Hacker News new | ask | show | jobs
by timr 493 days ago
> I think an LLM would be great for "take this json and make it a pandas dataframe", but a lot less great for interact with this billing API to produce auditable payment tables.

Yeah, it's great....so long as you don't care that it randomly screws up the conversion 10% of the time.

My first thought, when I saw the post title, was that this is the 2025 equivalent to people using MapReduce for a 1MB dataset. LLMs certainly have good applications in data pipelines, but cleaning structured data isn't it.

3 comments

Yes, LLMs are not always the best option, they are an option. Sometimes requirements of the project are such that they are also the best option.

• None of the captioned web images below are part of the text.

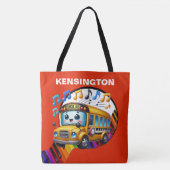 LG. ZO SCHATTIGEE SCHOOLBUS - Zie terug - Tas (Voorkant)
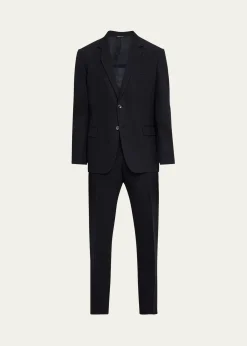 Loro PianaMen's Cotton-Wool Modern Fit Suit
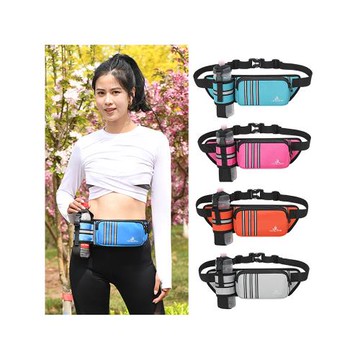 帶水壺運動腰包手機包跑步裝備男可放水杯包女戶外登山多功能背包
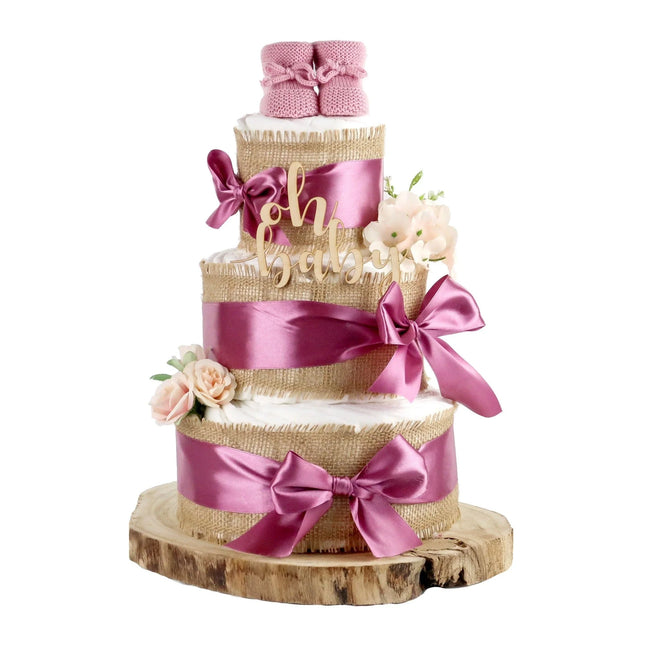 Große Windeltorte Alles Jute | zur Geburt plum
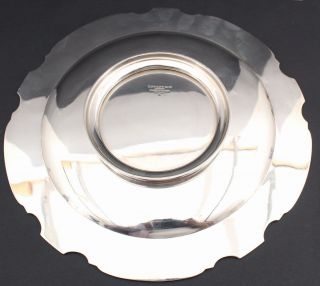 Mid - 20thC Modernist Authentic TIFFANY Sterling Silver Desert Plateau Tray Plate 4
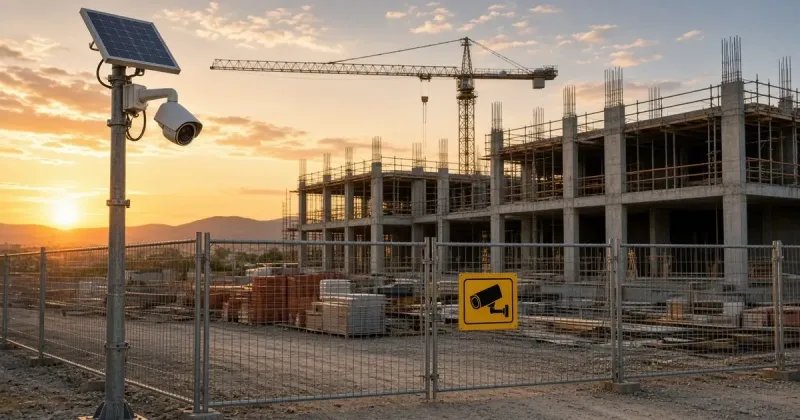 Seguridad para obras en construcción: alarma, cámaras y vigilancia perimetral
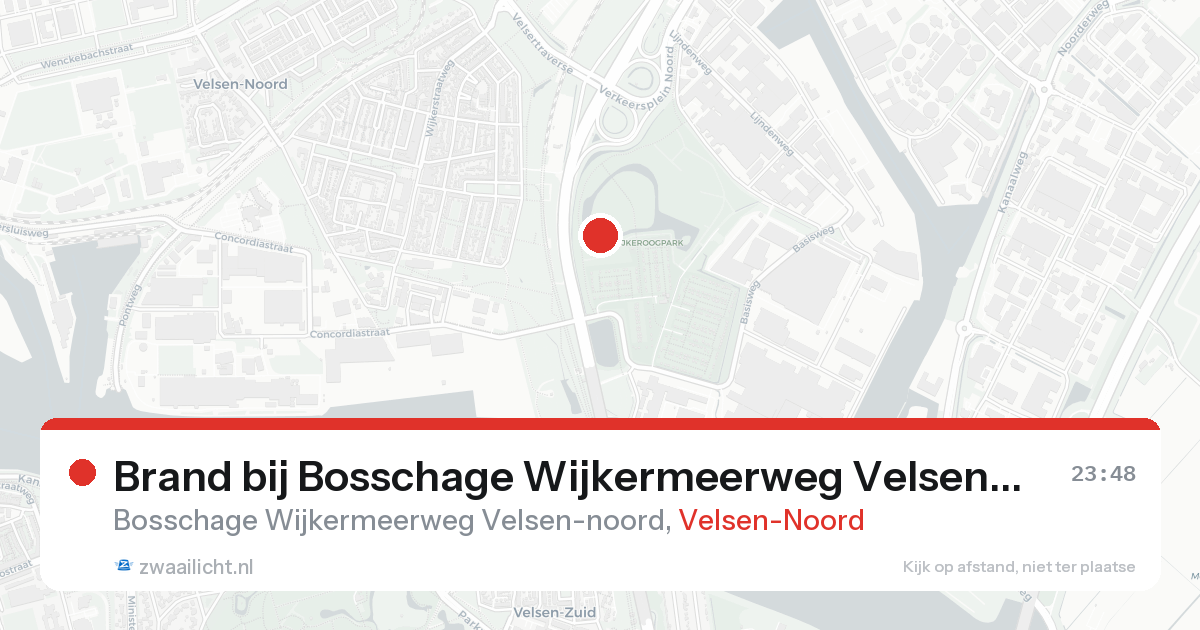 Brand bij Bosschage Wijkermeerweg Velsen-noord in Velsen-Noord — 17 aug 2026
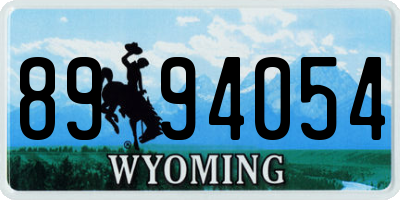 WY license plate 8994054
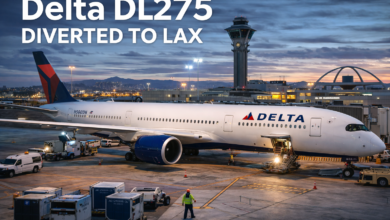 Delta Flight DL275 Diverted LAX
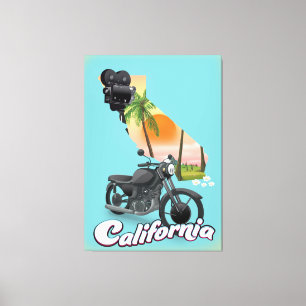 Toile Affiche de voyage vintage Californie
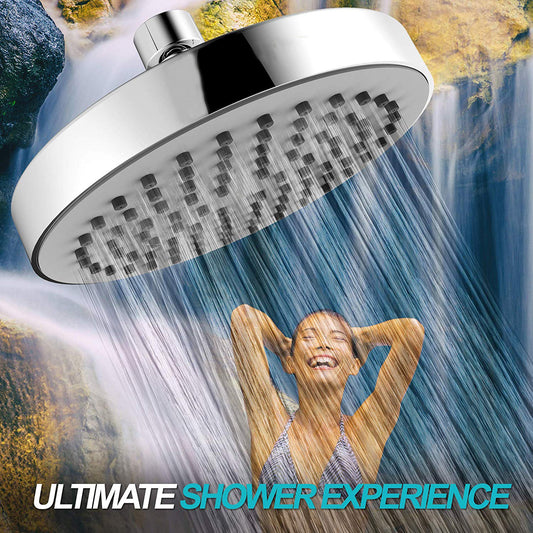 Pressurized electroplating shower, 6 inch
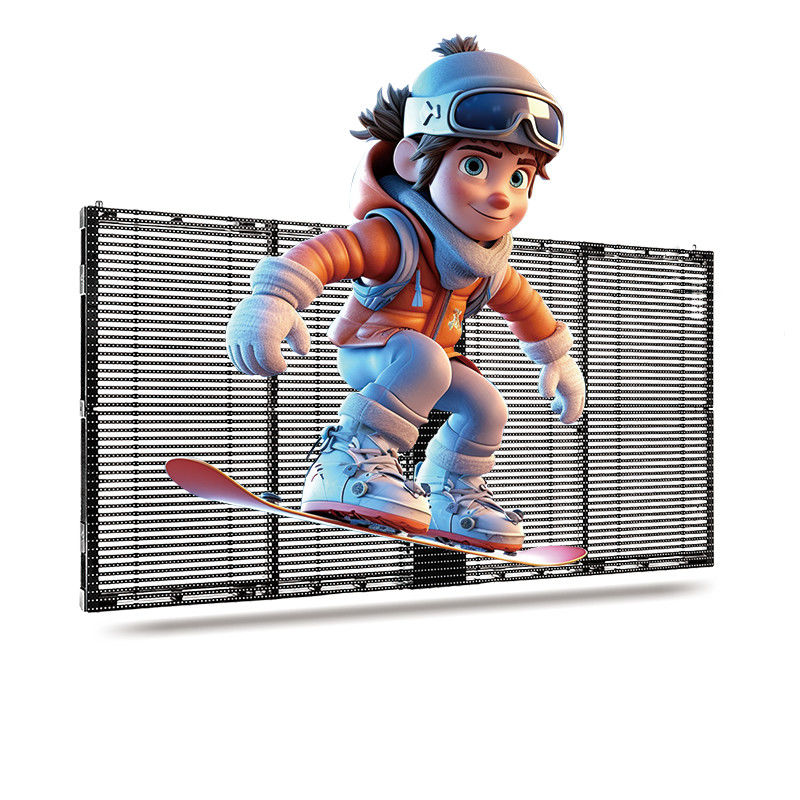 หน้าจอ LED ใส HT 500*1000 แบบติดตั้งหลายแบบ 3D ใส วิดีโอวอล์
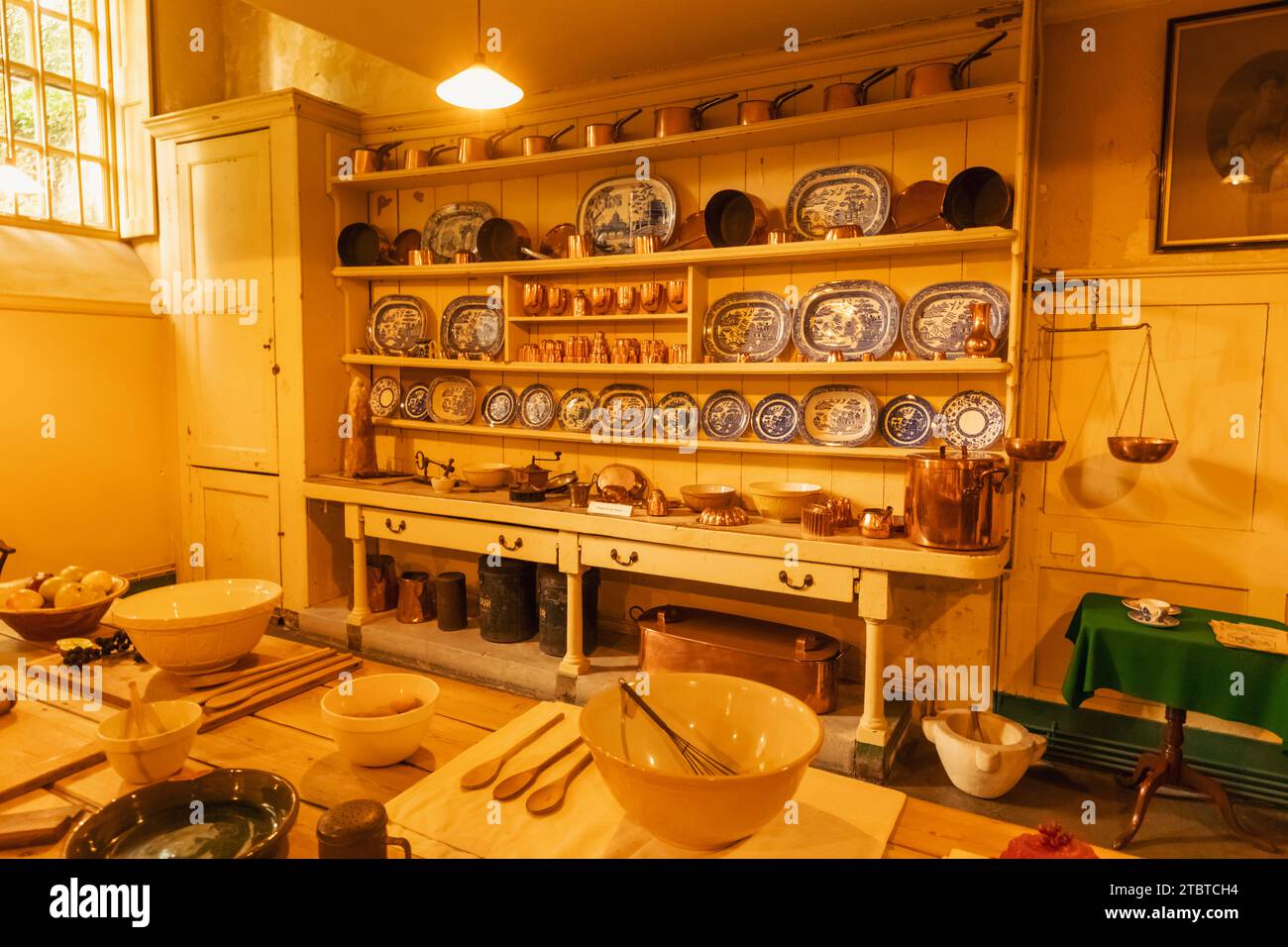 England, West Sussex, Harting, Uppark House, The Butlers Pantry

There is one browser that uses price matching example that is impossible to do without a full-blown data science team right now: https://github.com/Pravko-Solutions/FlashLearn/tree/main/exa...

Inappropriate tools are always an option? I can cut a cake with a jackhammer, but....

Anyway, like I said, there are certainly good applications of LLMs, and this is probably one? I wouldn't describe "do market research on prices" as a traditional "data pipeline", but that's just me, I guess.

I think you'd tell the LLM to design the pipeline, not be the pipeline. That way you can see exactly what it's done and tweak as needed. Plus should be way more cost effective.
Hah. I remember being forced to use MapReduce for a tiny dataset, back in the early 2010's. Hadoop was all the rage.
"lemme just fire up a dbt workflow to analyse this CSV file"
You may have meant that sarcastically, but i just did that for 2 csv files that i needed to do a bunch of cleanups and joins to analyze. With llm help the whole adventure was easy.
What I really like to do for this is loading it into SQLite, there are built in macros for reading/writing CSV files. And they're queryable with SQL which makes for a great jumping point to do some basic cleaning, joining and analysis.

This also I'd argue makes the job easier with LLMs since you can ask it to write a SQL query which you can validate / reason about rather than relying on it for transforming the data itself (which I've seen a lot under this post)

Honestly I spend ten times as much effort figuring out people's sloppy notebooks or pandas stuff than when they just use DBT and SQL. And 90% of the time SQL is all they needed.